◆ WORK TO BE COMPLETED ◆
Beginning with the line that holds "textura de las salpicaduras de tinta", copy each line to the end of the records exactly, except the pictures.

[Data excerpts]
····················
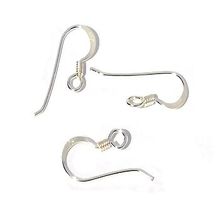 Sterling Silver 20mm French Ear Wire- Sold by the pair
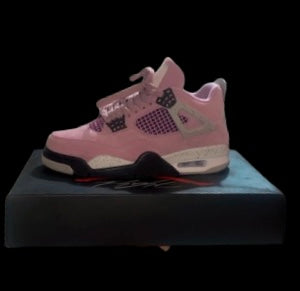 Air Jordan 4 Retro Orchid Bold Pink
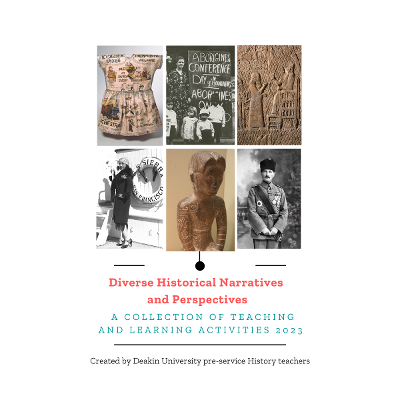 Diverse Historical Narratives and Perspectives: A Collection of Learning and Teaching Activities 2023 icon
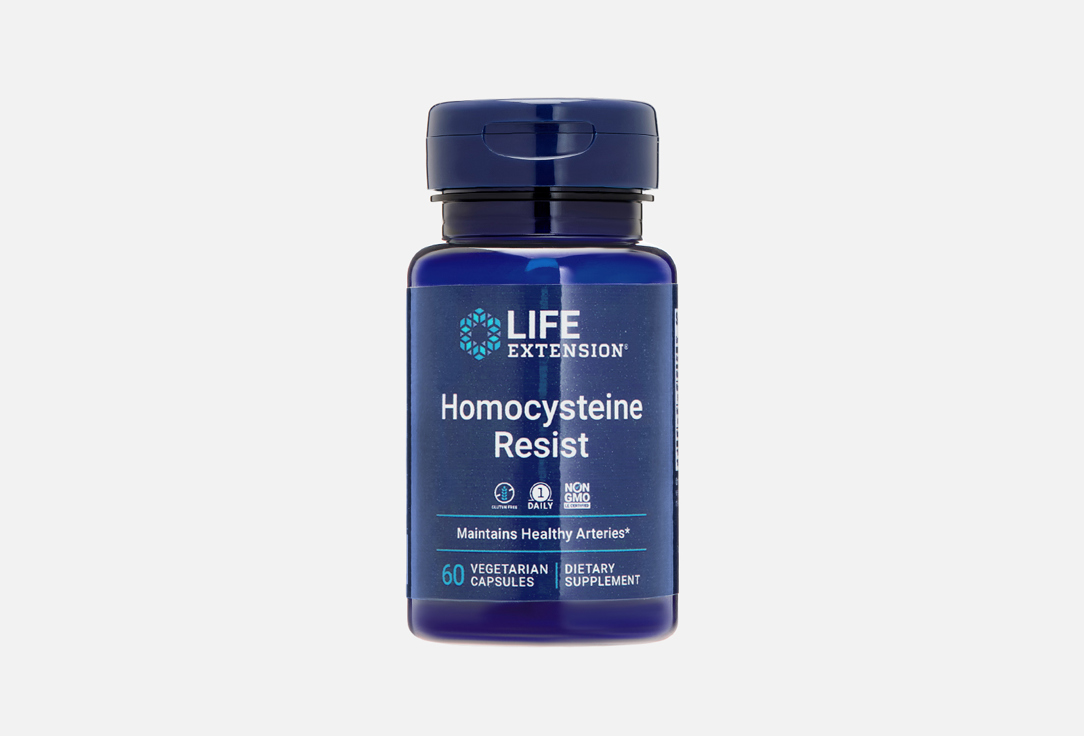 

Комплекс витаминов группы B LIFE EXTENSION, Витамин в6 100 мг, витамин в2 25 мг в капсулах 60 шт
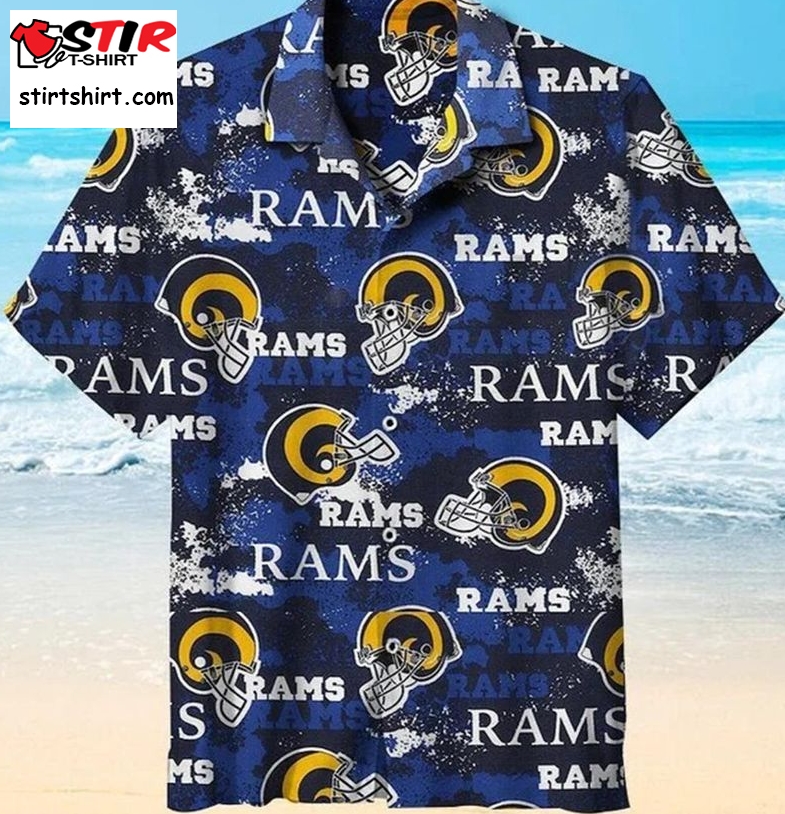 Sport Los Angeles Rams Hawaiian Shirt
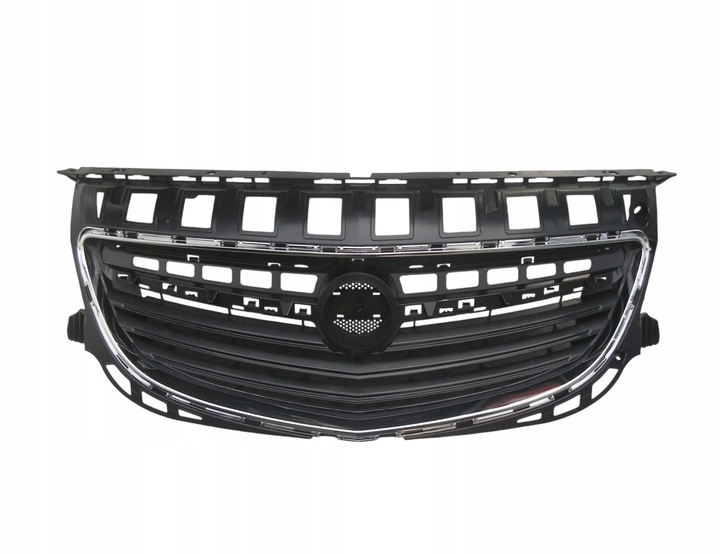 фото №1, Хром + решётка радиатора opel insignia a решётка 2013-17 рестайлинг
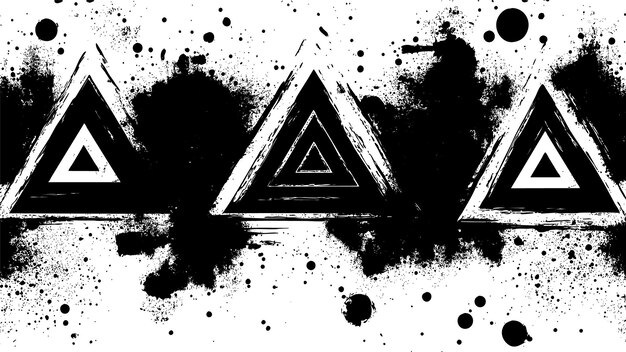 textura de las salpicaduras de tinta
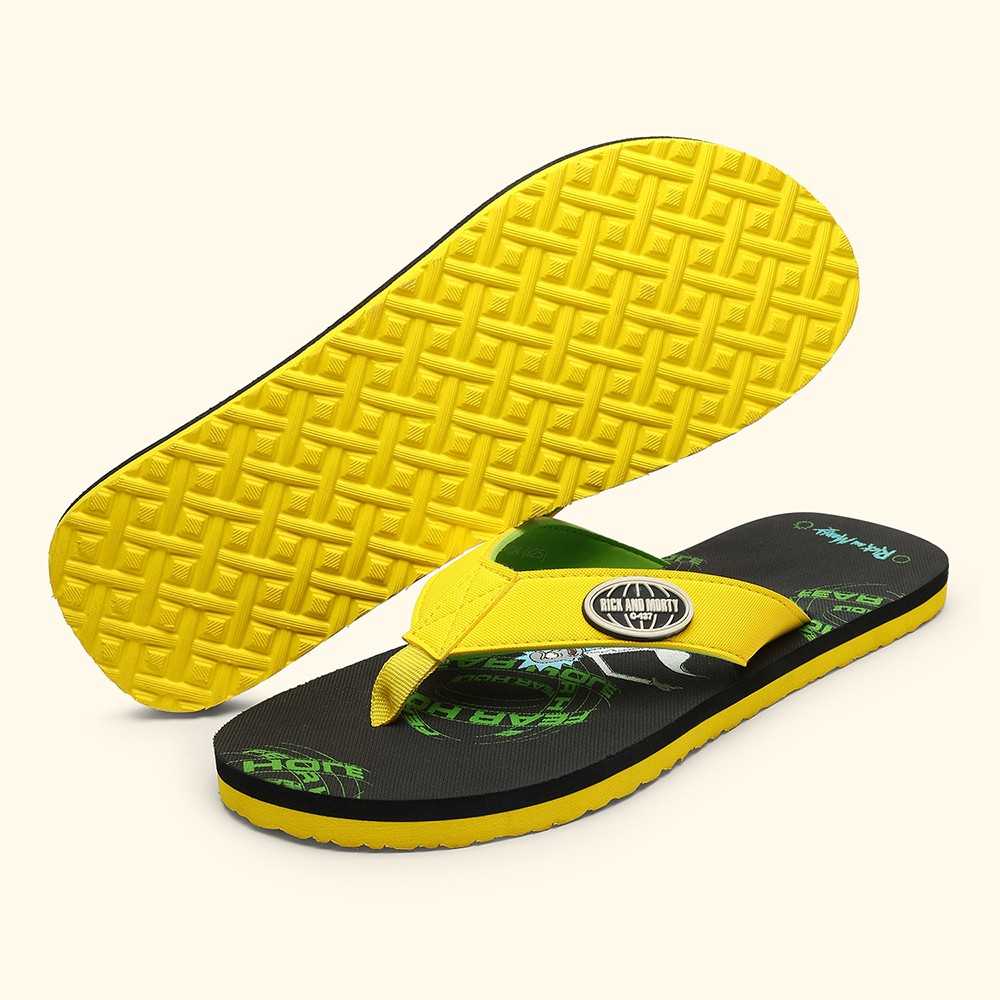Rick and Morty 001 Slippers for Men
····················
◆ ANSWER FOR THE TASK ◆
 textura de las salpicaduras de tinta
Rick and Morty 001 Slippers for Men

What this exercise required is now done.